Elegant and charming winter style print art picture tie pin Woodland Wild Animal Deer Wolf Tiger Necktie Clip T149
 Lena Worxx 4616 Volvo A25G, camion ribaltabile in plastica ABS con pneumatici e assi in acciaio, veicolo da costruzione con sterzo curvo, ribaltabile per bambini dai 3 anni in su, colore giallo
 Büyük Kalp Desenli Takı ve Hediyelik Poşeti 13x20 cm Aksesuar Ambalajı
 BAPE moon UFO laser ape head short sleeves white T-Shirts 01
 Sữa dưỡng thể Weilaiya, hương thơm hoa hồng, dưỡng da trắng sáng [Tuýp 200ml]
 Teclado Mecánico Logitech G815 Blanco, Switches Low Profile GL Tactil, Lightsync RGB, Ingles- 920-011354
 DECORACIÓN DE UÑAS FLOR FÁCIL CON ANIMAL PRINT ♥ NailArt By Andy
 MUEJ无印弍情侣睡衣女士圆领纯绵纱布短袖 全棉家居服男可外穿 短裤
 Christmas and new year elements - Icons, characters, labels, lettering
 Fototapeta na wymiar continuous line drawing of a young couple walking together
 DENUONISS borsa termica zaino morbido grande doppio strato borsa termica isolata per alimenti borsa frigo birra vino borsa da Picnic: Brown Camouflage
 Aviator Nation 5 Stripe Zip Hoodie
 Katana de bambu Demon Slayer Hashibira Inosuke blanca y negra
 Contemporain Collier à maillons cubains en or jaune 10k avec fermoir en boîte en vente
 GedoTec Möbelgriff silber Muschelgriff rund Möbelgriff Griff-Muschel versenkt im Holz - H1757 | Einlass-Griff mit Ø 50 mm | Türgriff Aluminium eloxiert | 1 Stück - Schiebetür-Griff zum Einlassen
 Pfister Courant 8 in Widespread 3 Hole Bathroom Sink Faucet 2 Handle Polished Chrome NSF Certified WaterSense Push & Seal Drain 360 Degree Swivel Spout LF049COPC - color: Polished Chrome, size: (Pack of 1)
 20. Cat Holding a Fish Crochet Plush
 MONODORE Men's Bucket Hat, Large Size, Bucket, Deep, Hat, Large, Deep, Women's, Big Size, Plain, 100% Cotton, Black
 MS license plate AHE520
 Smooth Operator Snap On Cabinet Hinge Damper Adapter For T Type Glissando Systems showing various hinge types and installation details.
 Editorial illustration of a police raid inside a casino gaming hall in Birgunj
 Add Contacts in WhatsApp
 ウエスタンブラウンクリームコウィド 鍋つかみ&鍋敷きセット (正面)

━━━━━━━━━━

Starting from the line containing "Fototapeta na wymiar", repeat each line through the end of the entries, exactly.

Written reply:
 Fototapeta na wymiar continuous line drawing of a young couple walking together
 DENUONISS borsa termica zaino morbido grande doppio strato borsa termica isolata per alimenti borsa frigo birra vino borsa da Picnic: Brown Camouflage
 Aviator Nation 5 Stripe Zip Hoodie
 Katana de bambu Demon Slayer Hashibira Inosuke blanca y negra
 Contemporain Collier à maillons cubains en or jaune 10k avec fermoir en boîte en vente
 GedoTec Möbelgriff silber Muschelgriff rund Möbelgriff Griff-Muschel versenkt im Holz - H1757 | Einlass-Griff mit Ø 50 mm | Türgriff Aluminium eloxiert | 1 Stück - Schiebetür-Griff zum Einlassen
 Pfister Courant 8 in Widespread 3 Hole Bathroom Sink Faucet 2 Handle Polished Chrome NSF Certified WaterSense Push & Seal Drain 360 Degree Swivel Spout LF049COPC - color: Polished Chrome, size: (Pack of 1)
 20. Cat Holding a Fish Crochet Plush
 MONODORE Men's Bucket Hat, Large Size, Bucket, Deep, Hat, Large, Deep, Women's, Big Size, Plain, 100% Cotton, Black
 MS license plate AHE520
 Smooth Operator Snap On Cabinet Hinge Damper Adapter For T Type Glissando Systems showing various hinge types and installation details.
 Editorial illustration of a police raid inside a casino gaming hall in Birgunj
 Add Contacts in WhatsApp
 ウエスタンブラウンクリームコウィド 鍋つかみ&鍋敷きセット (正面)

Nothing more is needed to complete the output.